Mucho antes de lo esperado, alguien te llama por tu nombre. Tienes más frío que nervios; es demasiado temprano para andar en manga corta, incluso en Florida. Alguien más te sujeta con un chaleco de cuerpo completo, que se cierra por la espalda, y te indica que te acuestes boca abajo. Quedas ligeramente suspendido, a 15 centímetros del suelo, y tus pies luchan por alcanzar el tubo contra el que deben quedar recargados. Iniciarás una aventura de hang gliding.
Walter, de pelo largo, entrecano, con bermudas y playera negra, se acomoda junto a ti en cosa de dos segundos. A esta persona se le ve a una legua que ha hecho esto mil veces, te dices, pero la verdad no lo sabes. Movimientos confusos ocurren alrededor y Walter te dice que, si vas a tener las manos en el tubo, mejor distiendas los brazos. Que te relajes, dice. Que te relajes de una vez por todas.
Inicia el despegue
La avioneta frente a ti comienza a avanzar y ya te estás arrepintiendo. De esto y de todos tus pecados. En unos instantes asciende y, con ella, sube también tu ala delta, que bien mirado no es más que un trozo de plástico. Subes. Atraviesas una franja de brisa matutina, ¿o qué es esta helada humedad del aire? Tienes, ahora sí es seguro, más frío que nervios.
El viento helado toca tu piel, que no estaba preparada para este momento. Sigues subiendo. El campo verde en el que estabas hace unos instantes se achica y parece ahora un jardín rodeado de jardines. Ahora es un parche verde rodeado de parches verdes.

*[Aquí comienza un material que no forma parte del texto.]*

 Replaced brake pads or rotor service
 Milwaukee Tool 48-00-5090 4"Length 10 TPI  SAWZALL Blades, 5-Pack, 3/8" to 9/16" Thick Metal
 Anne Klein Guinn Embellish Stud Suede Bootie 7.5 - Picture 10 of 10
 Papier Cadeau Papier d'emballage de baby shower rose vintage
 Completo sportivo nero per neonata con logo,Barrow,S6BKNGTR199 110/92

Dice Walter que vas a sentir un jalón, porque la avioneta, tu única conexión con el mundo, va a soltar el ala delta. Instructor y piloto intercambian señales ininteligibles con las manos y de pronto sobreviene una turbulencia que te anuncia que tienes muchos más nervios que frío. Tu corazón se detiene, tu mente se pone en blanco, se acaba el frío. Y de pronto se acaba también el miedo. El ala delta planea con la suavidad de una pluma sobre el edredón de parches verdes con diferentes texturas y estampados.
Walter quiere que conduzcas el ala delta a la derecha y a la izquierda, pero, cuando lo intentas, te das cuenta de que él está haciendo todos los movimientos y decides no intentarlo más, dedicarte sólo a absorber la experiencia reservada a las aves.
Panorámicas de altura
El mundo es infinitamente pequeño desde los 2,000 pies de altura en los que vino a depositarte la traidora avioneta (en ese momento no te preguntas cuánto son 2,000 pies; si piensas demasiado en lo que estás haciendo, quizá dejes de disfrutarlo).

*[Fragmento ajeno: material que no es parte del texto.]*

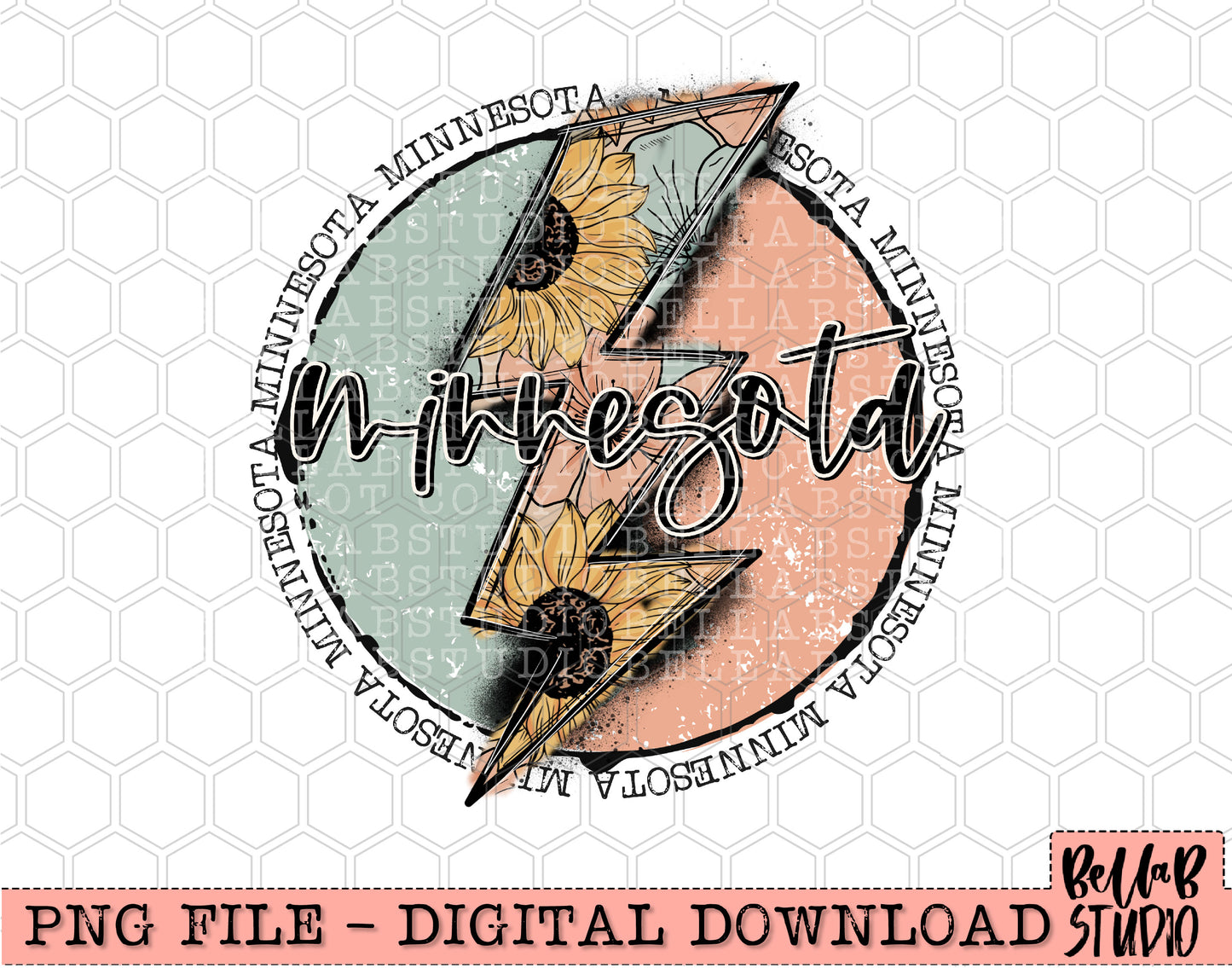 MINNESOTA Sunflower Bolt PNG Design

Walter señala su casa, los sembradíos de naranjas, el terreno de su amigo Chuck (aunque quizá no se llamaba Chuck), la propiedad entera de Wallaby Ranch, que es inmensa, y lo que está más allá de su territorio. Dejas que todo gire suave o intensamente, que el viento se encargue de la operación, hasta que los parches se convierten en jardines y los jardines vuelven a tomar la dimensión de un inmenso campo. Aterrizas con la misma sutileza con la que despegaste. Estás de vuelta en suelo firme, extrañamente aturdido, extrañamente feliz.
Ésta es una de las experiencias que desde 1991 ofrece Wallaby Ranch, a unos 40 minutos del centro de Orlando. También imparten cursos, ya sea que se quiera pilotear la avioneta o dominar el ala delta. Es una opción magnífica para quienes buscan tachar actividades de su bucket list, pues no se requiere ningún tipo de entrenamiento previo y la sensación de planear a más de 600 metros (casi tres veces la altura de la Torre Mayor) no puede compararse con ninguna montaña rusa del área.

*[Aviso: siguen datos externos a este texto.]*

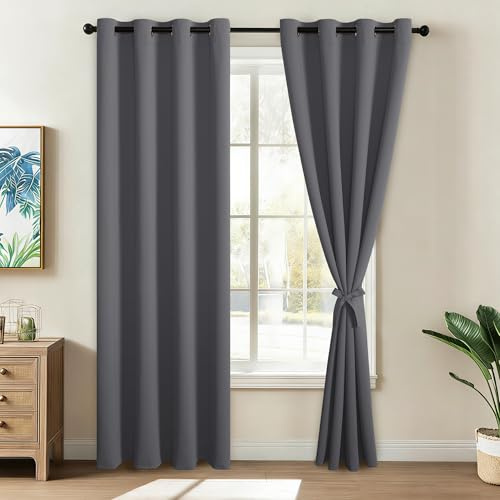 JIUZHEN Verdunklungsvorhänge mit Ösen Grau Vorhänge Blickdicht H175xB140cm | 2er Set Kurz Gardinen Schlafzimmer mit Raffhalter Thermovorhänge Hitzeschutz Verdunklungsgardine Wohnzimmer Blackout Curtains
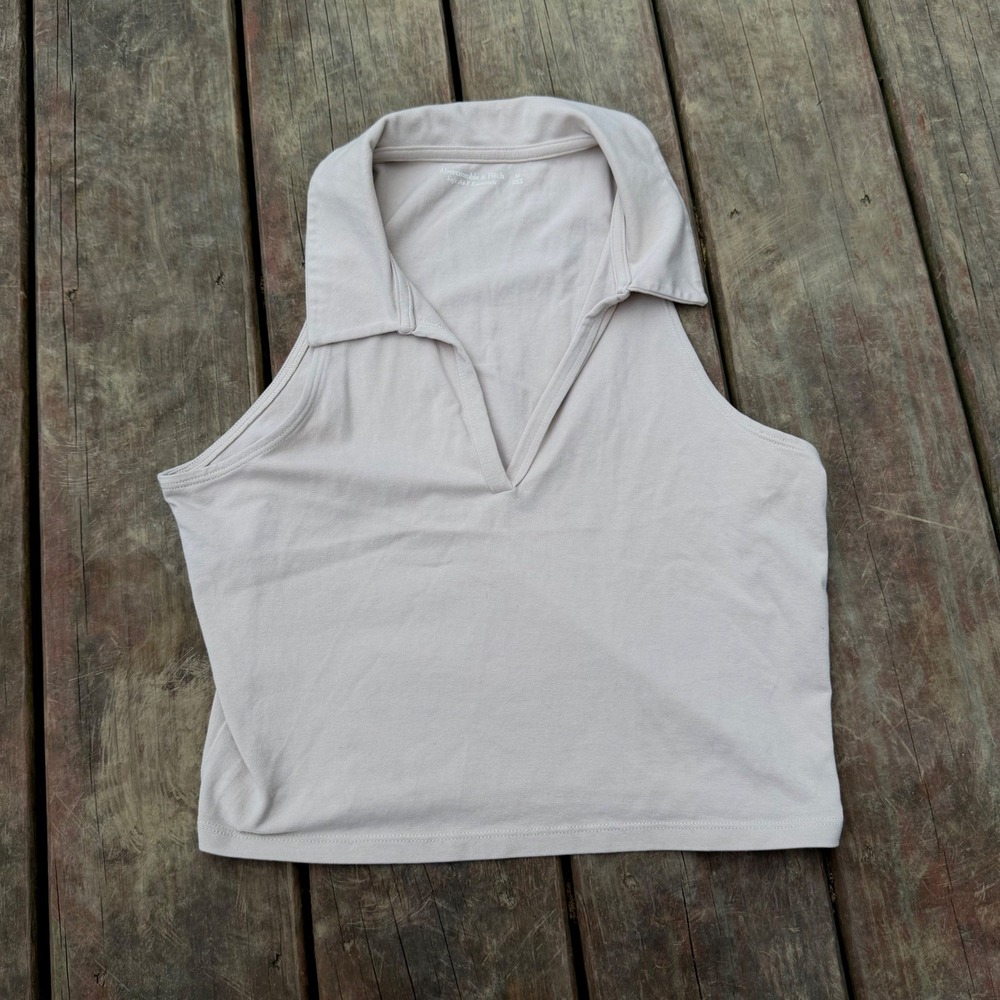 Abercrombie & Fitch Soft Essentials Sleeveless Polo Crop Top Beige Tan Medium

Tras el vuelo en tándem, la comunidad que habita y administra Wallaby Ranch abre las puertas de su casa, donde tiene dispuesto un comedor. El desayuno —que se sirve en una colección irregular de vasos y tazas, entre parafernalia australiana, frascos de Vegemite, un gato gordo y calcomanías con leyendas como “The hippies were right”— consiste en huevos, pan, espárragos, verduras al vapor, pastel de zanahoria y fresas cubiertas de chocolate: justo lo necesario para después de una sesión de emociones fuertes…, y antes de más emociones fuertes.